Maxwell’s breakthrough was to change the way we thought electromagnetic forces. His idea was that each charge must reach out to each other with some kind of energy. That is, a charge is surrounded by a field of electricity, a field that other charges can detect. Charges possess electric fields, and charges interact with the electric fields of other charges. The same must be true of magnets. Magnets possess magnetic fields, and interact with magnetic fields. Maxwell’s model was not just a description of the force between charges and magnets, but a also description of the electric and magnetic fields themselves. With that change of view, Maxwell found the connection between electricity and magnetism. They were connected by their fields.
A moving electric field creates a magnetic field, and a moving magnetic field creates an electric field. Not only are the two connected, but one type of field can create the other. Maxwell had created a single, unified description of electricity and magnetism. He had united two different forces into a single unified force, which we now call electromagnetism.
Maxwell’s theory not only revolutionized physics, it gave astrophysics the tools to finally understand some of the complex behavior of interstellar space.
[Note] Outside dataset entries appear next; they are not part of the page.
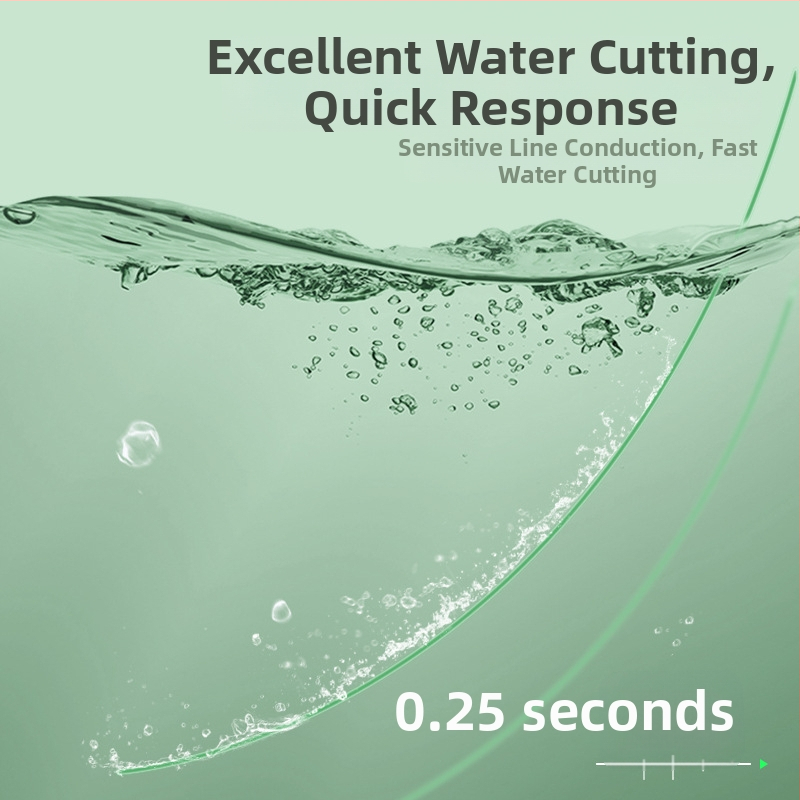 Nailoninių žvejybos linijų rinkinys – pagrindinė linija, didelis tempimo atsparumas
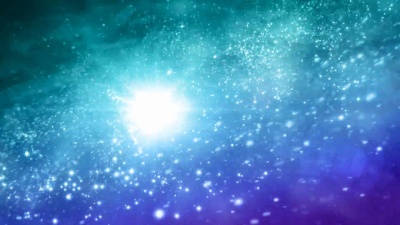 空间星系
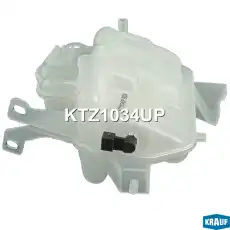 Расширительный бачок KRAUF KTZ1034UP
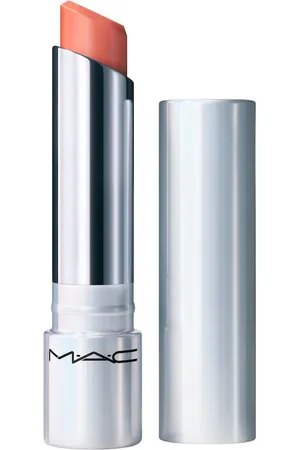 Mac Glow Play Blush Glow Play Lip Balm Lippenbalsam 3,14 g INTROVERT (6471.34 € / 1 kg)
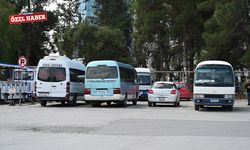 Vatandaş toplu taşıma ağı istiyor!
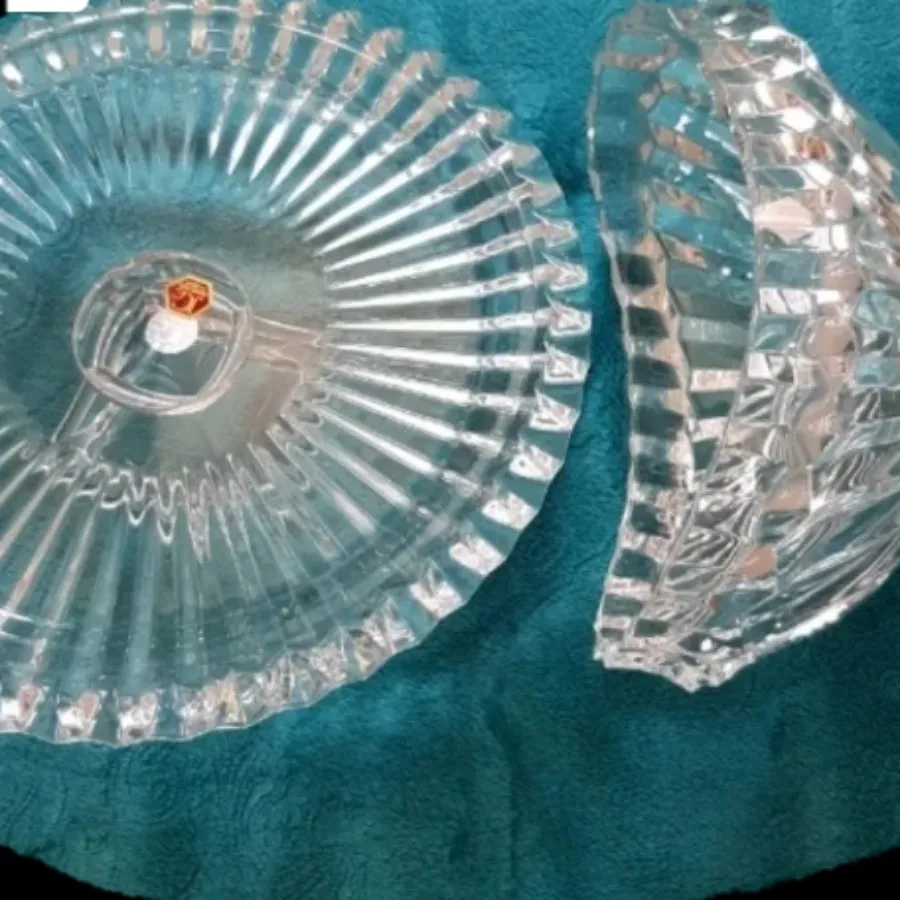 شیرینی خوری کریستال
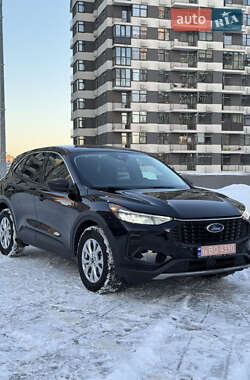 Позашляховик / Кросовер Ford Escape 2023 в Києві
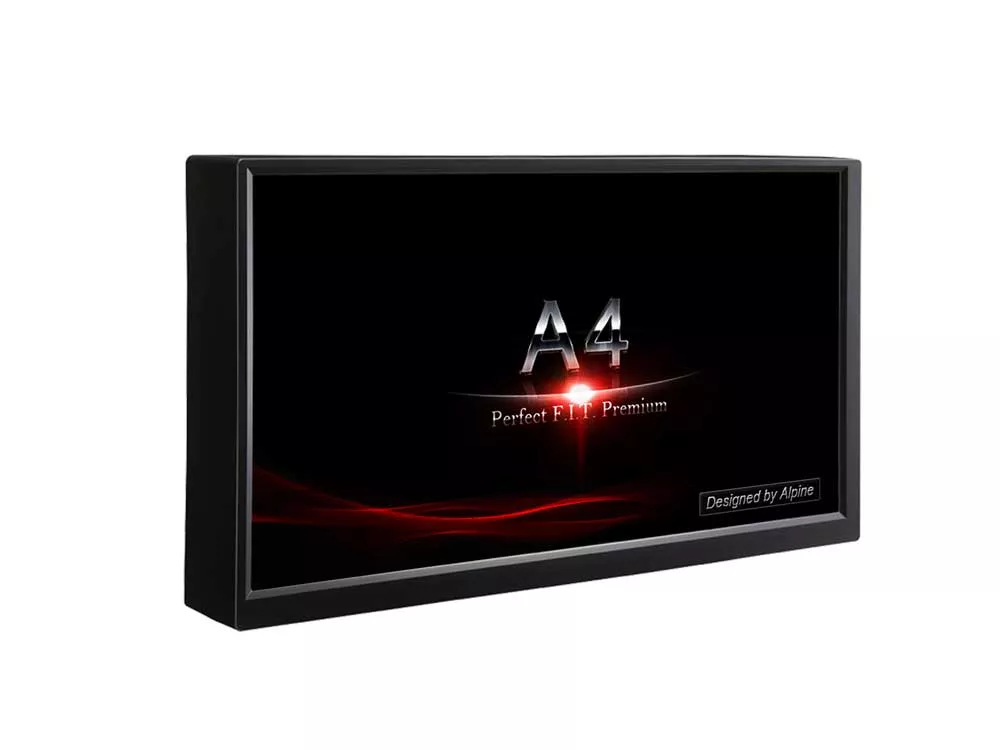 productpic_X701D-A4_A4_screen Alpine Style X701D-A4L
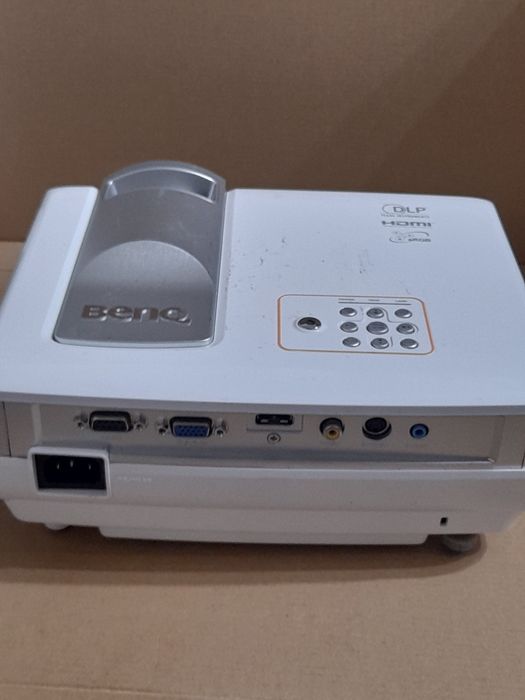 Projector da marca Benq
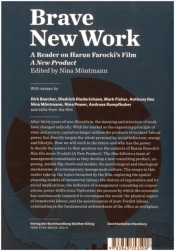 Schne Neue Arbeit / Brave New Work. Ein Reader Zu Harun Farockis Film 'Ein Neues Produkt'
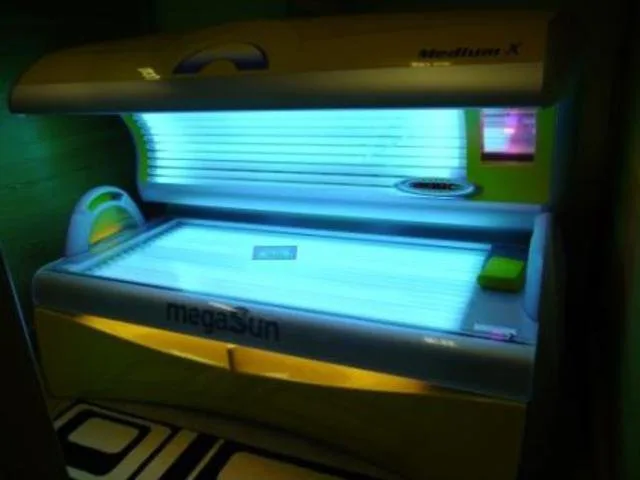 Studio EL – interiér salonu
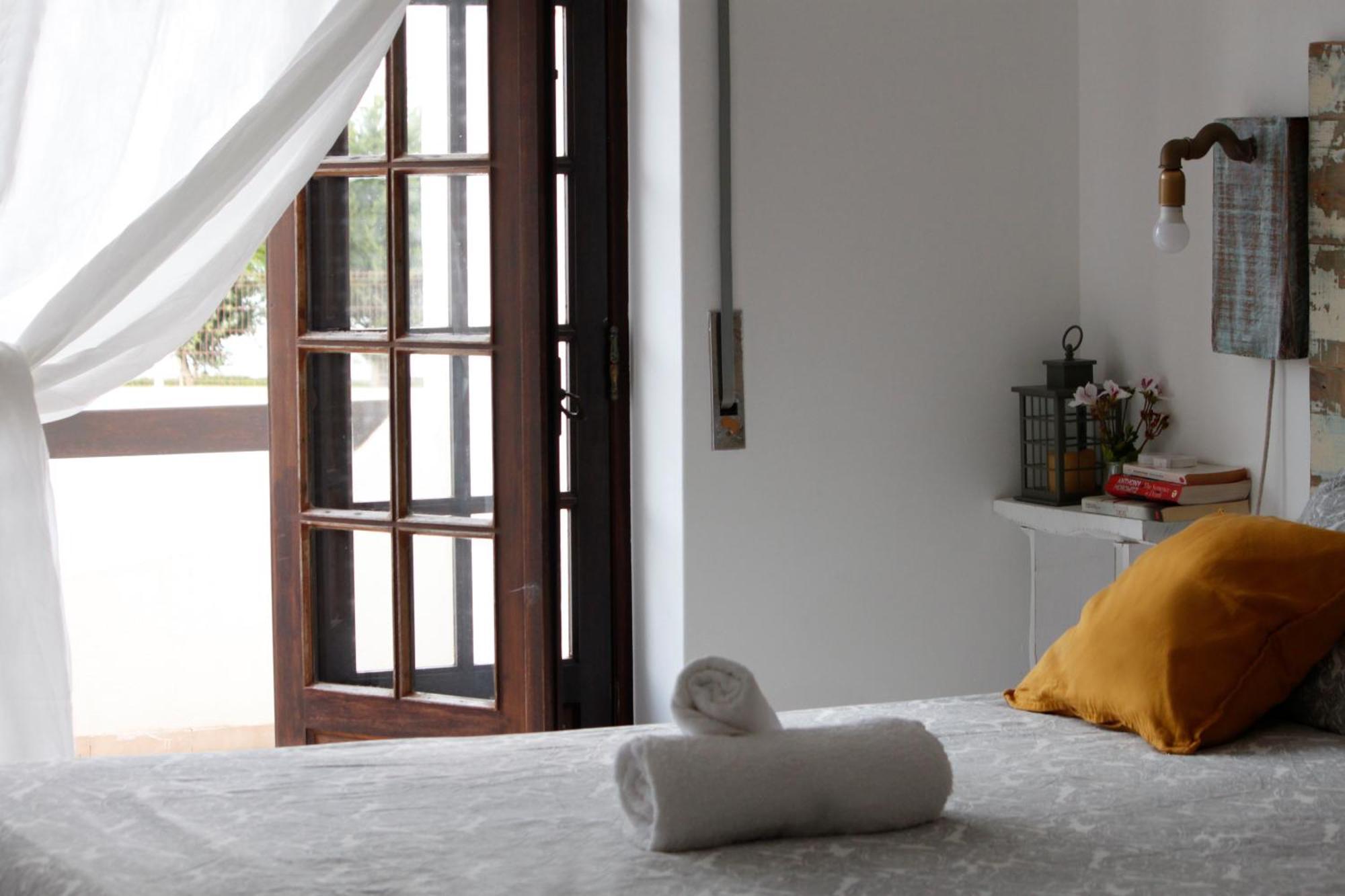Boa Onda Guesthouse Atouguia Da Baleia Pokoj fotografie
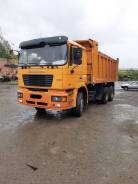 Shaanxi Shacman F2000, 2011 в Иркутске Shaanxi Shacman F2000. Продам с, 9 726 куб. см., 25 000 кг., 6x4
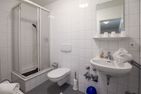 Haus Nordseebrandung NB15 Cuxhaven Sahlenburg - Badezimmer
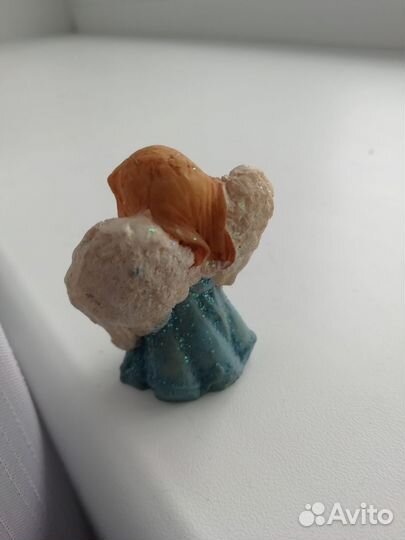 Фигурка ангел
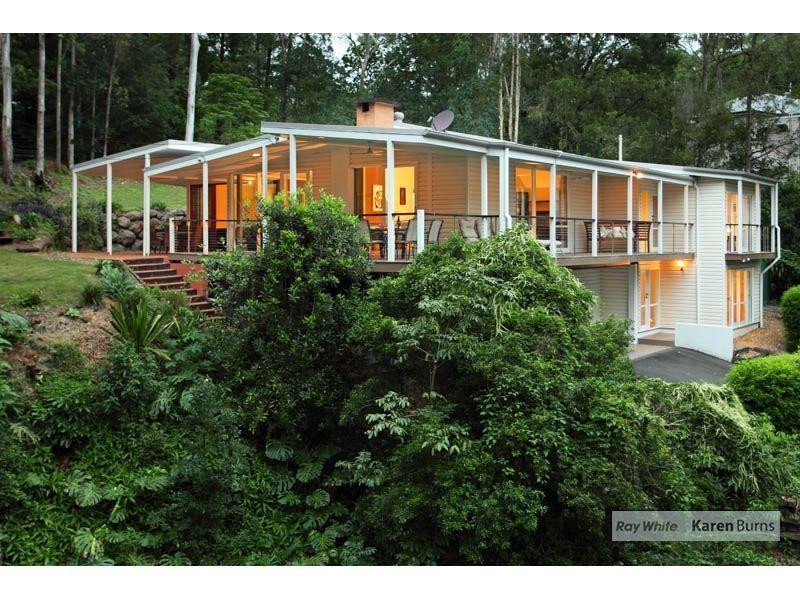 10 Kookaburra Street, Kenmore Hills QLD 4069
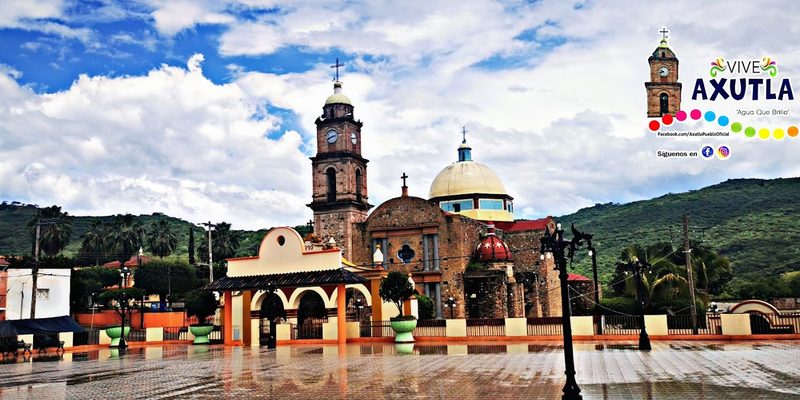 Axutla, Puebla — Panorama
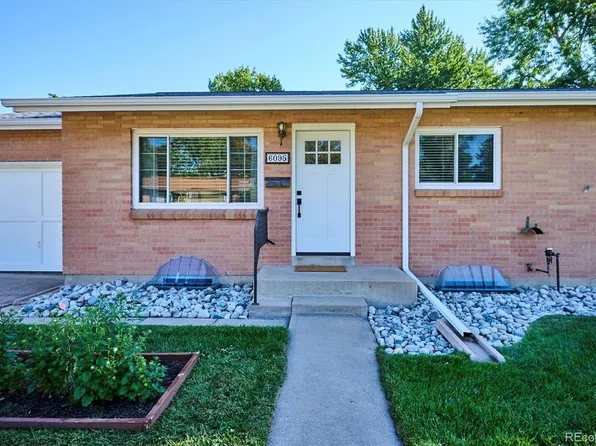 6095 Johnson Way, Arvada, CO 80004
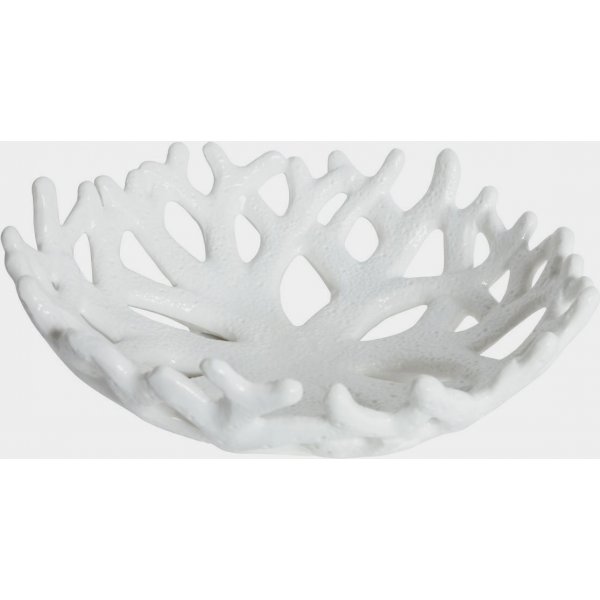 Havis serveringsfat 26 cm - Hvit Havis serveringsfat 26 cm - Hvit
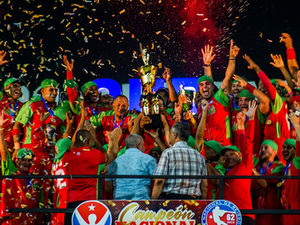 Gran Final 2023 | Lecciones del Juego 4: Fue cuestión de tiempo… ¡Leñadores campeones!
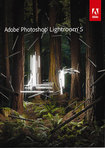 Photoshop Lightroom 5 - Mac/Windows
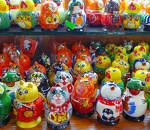 ウラジオストックを1日で観光するモデルプラン！直行便で2～3時間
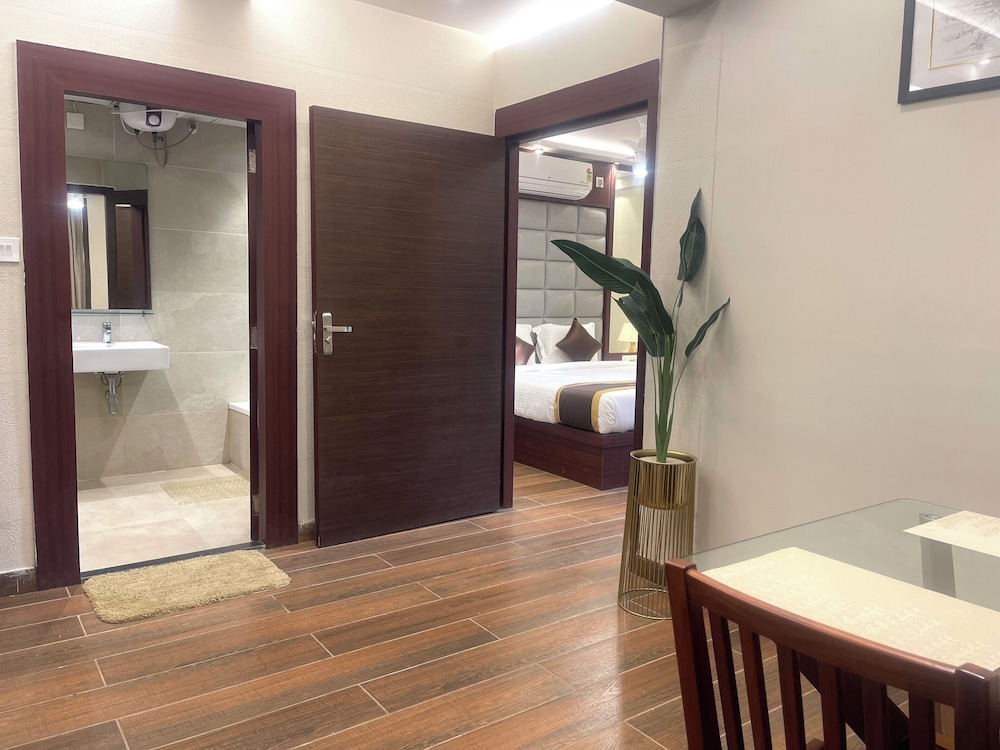 the crystal newtown kolkata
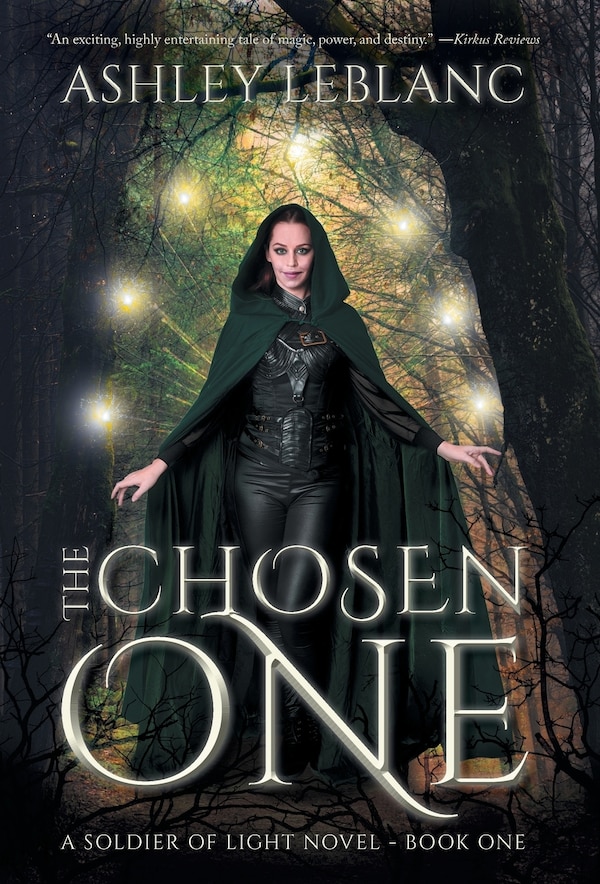The Chosen One by Ashley LeBlanc, Hardcover | Indigo Chapters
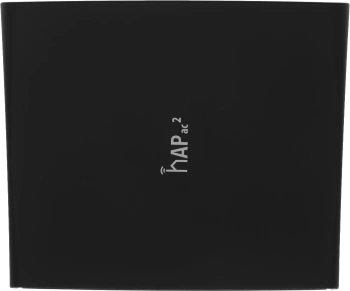 Роутер беспроводной MikroTik hAP ac2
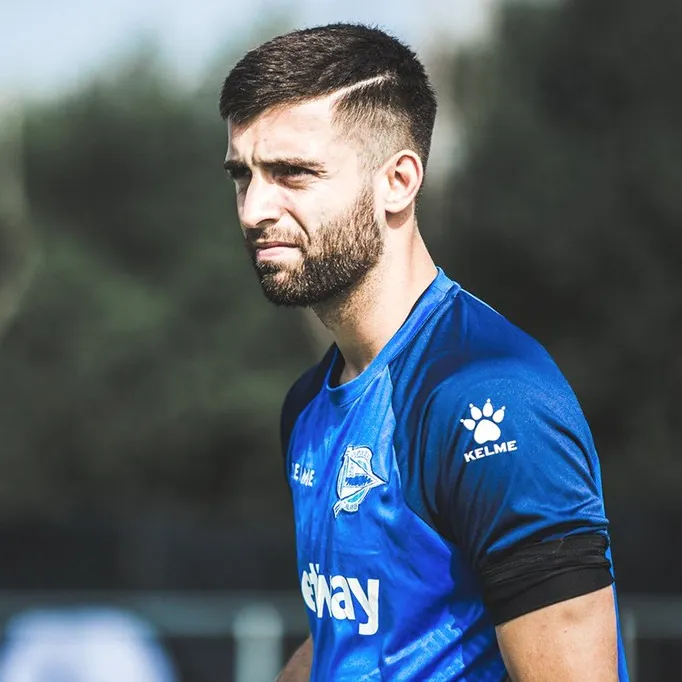 Antonio Sivera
By the mid-1900s Maxwell’s equations were combined with the Navier-Stokes equations describing fluids to create magnetohydrodynamics (MHD). Using MHD we could finally begin to model the behavior of plasma within magnetic fields, which is central to our understanding of everything from the Sun to the formation of stars and planets. As our computational powers grew, we were able to create simulations of protostars and young planets.
Although there are still many unanswered questions, we now know that the dance of plasma and electromagnetism plays a crucial role in the formation of stars and planets.
While Maxwell’s electromagnetism is an incredibly powerful theory, it is a classical model just like Newton’s gravity and general relativity. But unlike gravity, electromagnetism could be combined with quantum theory to create a fully quantum model known as quantum electrodynamics (QED).
A central idea of quantum theory is a duality between particle-like and wave-like (or field-like) behavior. Just has electrons and protons can interact as fields, the electromagnetic field can interact as particle-like quanta we call photons. In QED, charges and a electromagnetic fields are described as interactions of quanta. This is most famously done through Richard Feynman’s figure-based approach now known as Feynman diagrams.
Feynman diagrams are often mis-understood to represent what is actually happening when charges interact. For example, two electrons approach each other, exchange a photon, and then move away from each other. Or the idea that virtual particles can pop in and out of existence in real time. While the diagrams are easy to understand as particle interactions, they are still quanta, and still subject to quantum theory. How they are actually used in QED is to calculate all the possible ways that charges could interact through the electromagnetic field in order to determine the probability of a certain outcome. Treating all these possibilities as happening in real time is like arguing that five apples on a table become real one at a time as you count them.
QED has become the most accurate physical model we’ve devised so far, but this theoretical power comes at the cost of losing the intuitive concept of a force.
Feynman’s interactions can be used to calculate the force between charges, just as Einstein’s spacetime curvature can be used to calculate the force between masses. But QED also allows for interactions that aren’t forces. An electron can emit a photon in order to change its direction, and an electron and positron can interact to produce a pair of photons. In QED matter can become energy and energy can be come matter.
What started as a simple force has become a fairy dance of charge and light. Through this dance we left the classical world and moved forward in search of the strong and the weak.